(Saved entries)

++++

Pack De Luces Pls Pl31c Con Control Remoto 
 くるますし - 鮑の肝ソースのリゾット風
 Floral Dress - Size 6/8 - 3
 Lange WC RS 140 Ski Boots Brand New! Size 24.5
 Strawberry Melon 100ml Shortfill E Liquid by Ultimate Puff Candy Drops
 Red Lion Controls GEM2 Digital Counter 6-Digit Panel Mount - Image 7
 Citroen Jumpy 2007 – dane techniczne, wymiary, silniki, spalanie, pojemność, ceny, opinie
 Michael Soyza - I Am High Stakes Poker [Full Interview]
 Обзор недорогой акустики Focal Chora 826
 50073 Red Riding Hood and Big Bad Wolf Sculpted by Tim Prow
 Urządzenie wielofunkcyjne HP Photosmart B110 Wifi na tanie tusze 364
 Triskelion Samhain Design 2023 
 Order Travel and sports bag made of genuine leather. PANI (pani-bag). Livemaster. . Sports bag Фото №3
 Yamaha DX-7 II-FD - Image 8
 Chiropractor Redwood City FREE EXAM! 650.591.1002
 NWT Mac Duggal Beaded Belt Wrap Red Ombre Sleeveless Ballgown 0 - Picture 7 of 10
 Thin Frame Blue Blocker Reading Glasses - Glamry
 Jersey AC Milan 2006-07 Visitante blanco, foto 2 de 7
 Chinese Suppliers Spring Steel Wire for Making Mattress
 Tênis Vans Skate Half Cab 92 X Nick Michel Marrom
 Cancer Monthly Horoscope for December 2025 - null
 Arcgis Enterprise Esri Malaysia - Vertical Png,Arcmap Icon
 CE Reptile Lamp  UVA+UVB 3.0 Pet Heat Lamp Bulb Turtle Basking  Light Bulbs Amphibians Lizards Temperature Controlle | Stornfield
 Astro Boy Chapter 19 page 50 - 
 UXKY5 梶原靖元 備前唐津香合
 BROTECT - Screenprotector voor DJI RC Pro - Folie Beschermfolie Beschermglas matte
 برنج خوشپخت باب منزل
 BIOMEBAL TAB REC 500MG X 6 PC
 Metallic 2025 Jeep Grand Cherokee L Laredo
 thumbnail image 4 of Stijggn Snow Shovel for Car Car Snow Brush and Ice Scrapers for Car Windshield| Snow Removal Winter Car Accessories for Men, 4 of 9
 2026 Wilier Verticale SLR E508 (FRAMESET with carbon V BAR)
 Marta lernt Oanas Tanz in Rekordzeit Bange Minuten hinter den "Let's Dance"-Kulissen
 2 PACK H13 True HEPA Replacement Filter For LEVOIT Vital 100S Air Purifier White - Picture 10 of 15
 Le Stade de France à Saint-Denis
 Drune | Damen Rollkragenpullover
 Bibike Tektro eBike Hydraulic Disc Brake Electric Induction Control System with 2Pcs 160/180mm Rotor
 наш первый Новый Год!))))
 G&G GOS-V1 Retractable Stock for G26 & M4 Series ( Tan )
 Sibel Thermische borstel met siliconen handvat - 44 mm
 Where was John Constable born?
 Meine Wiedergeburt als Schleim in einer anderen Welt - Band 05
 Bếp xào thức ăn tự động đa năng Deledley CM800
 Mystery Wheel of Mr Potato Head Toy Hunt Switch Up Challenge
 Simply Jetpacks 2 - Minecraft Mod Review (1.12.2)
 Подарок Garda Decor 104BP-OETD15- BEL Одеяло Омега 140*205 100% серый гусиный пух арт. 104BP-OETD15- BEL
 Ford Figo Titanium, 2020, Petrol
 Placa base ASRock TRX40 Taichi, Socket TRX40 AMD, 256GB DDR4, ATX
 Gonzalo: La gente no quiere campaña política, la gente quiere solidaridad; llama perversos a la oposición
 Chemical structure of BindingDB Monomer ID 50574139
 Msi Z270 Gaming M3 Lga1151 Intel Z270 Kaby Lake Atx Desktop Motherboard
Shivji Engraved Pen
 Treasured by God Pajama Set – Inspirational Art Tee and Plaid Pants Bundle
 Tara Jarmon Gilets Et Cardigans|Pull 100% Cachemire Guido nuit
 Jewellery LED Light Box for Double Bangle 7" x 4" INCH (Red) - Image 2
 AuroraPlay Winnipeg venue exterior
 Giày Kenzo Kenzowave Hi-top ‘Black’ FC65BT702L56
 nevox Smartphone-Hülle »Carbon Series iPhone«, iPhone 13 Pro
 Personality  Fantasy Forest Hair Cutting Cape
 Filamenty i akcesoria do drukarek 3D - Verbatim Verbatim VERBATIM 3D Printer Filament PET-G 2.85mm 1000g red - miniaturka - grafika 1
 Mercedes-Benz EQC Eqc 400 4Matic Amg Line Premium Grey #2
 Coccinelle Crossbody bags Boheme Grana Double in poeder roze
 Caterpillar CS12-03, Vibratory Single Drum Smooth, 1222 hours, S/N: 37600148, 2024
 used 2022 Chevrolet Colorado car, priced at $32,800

++++

TASK OBJECTIVE =
The lines to write out run from the one with "Filamenty i akcesoria" through the end of the records. Give them exactly, and only them.

COMPLETED TASK =
 Filamenty i akcesoria do drukarek 3D - Verbatim Verbatim VERBATIM 3D Printer Filament PET-G 2.85mm 1000g red - miniaturka - grafika 1
 Mercedes-Benz EQC Eqc 400 4Matic Amg Line Premium Grey #2
 Coccinelle Crossbody bags Boheme Grana Double in poeder roze
 Caterpillar CS12-03, Vibratory Single Drum Smooth, 1222 hours, S/N: 37600148, 2024
 used 2022 Chevrolet Colorado car, priced at $32,800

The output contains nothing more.